What this task involves → Restate all of the data exactly.

Provided data →
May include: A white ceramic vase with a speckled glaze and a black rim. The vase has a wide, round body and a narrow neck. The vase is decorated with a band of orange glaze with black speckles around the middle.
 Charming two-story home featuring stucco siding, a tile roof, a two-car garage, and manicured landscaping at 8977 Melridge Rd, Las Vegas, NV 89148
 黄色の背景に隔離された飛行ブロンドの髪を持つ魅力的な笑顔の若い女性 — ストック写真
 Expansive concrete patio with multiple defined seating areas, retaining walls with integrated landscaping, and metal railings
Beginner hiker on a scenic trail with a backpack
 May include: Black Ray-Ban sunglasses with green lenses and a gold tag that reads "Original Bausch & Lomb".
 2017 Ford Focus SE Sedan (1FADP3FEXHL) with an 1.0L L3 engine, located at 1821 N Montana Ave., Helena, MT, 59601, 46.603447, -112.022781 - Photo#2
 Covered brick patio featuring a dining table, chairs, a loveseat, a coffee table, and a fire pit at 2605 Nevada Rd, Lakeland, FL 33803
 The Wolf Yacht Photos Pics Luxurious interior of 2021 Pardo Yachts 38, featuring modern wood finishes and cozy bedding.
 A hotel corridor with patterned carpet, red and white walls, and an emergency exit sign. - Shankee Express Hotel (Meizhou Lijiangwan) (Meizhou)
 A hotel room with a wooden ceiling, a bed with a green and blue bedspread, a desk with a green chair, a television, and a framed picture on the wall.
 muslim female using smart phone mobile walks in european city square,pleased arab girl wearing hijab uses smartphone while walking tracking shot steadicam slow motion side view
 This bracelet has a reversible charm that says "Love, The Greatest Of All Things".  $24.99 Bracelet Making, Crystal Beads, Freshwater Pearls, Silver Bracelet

Task output →
May include: A white ceramic vase with a speckled glaze and a black rim. The vase has a wide, round body and a narrow neck. The vase is decorated with a band of orange glaze with black speckles around the middle.
 Charming two-story home featuring stucco siding, a tile roof, a two-car garage, and manicured landscaping at 8977 Melridge Rd, Las Vegas, NV 89148
 黄色の背景に隔離された飛行ブロンドの髪を持つ魅力的な笑顔の若い女性 — ストック写真
 Expansive concrete patio with multiple defined seating areas, retaining walls with integrated landscaping, and metal railings
Beginner hiker on a scenic trail with a backpack
 May include: Black Ray-Ban sunglasses with green lenses and a gold tag that reads "Original Bausch & Lomb".
 2017 Ford Focus SE Sedan (1FADP3FEXHL) with an 1.0L L3 engine, located at 1821 N Montana Ave., Helena, MT, 59601, 46.603447, -112.022781 - Photo#2
 Covered brick patio featuring a dining table, chairs, a loveseat, a coffee table, and a fire pit at 2605 Nevada Rd, Lakeland, FL 33803
 The Wolf Yacht Photos Pics Luxurious interior of 2021 Pardo Yachts 38, featuring modern wood finishes and cozy bedding.
 A hotel corridor with patterned carpet, red and white walls, and an emergency exit sign. - Shankee Express Hotel (Meizhou Lijiangwan) (Meizhou)
 A hotel room with a wooden ceiling, a bed with a green and blue bedspread, a desk with a green chair, a television, and a framed picture on the wall.
 muslim female using smart phone mobile walks in european city square,pleased arab girl wearing hijab uses smartphone while walking tracking shot steadicam slow motion side view
 This bracelet has a reversible charm that says "Love, The Greatest Of All Things".  $24.99 Bracelet Making, Crystal Beads, Freshwater Pearls, Silver Bracelet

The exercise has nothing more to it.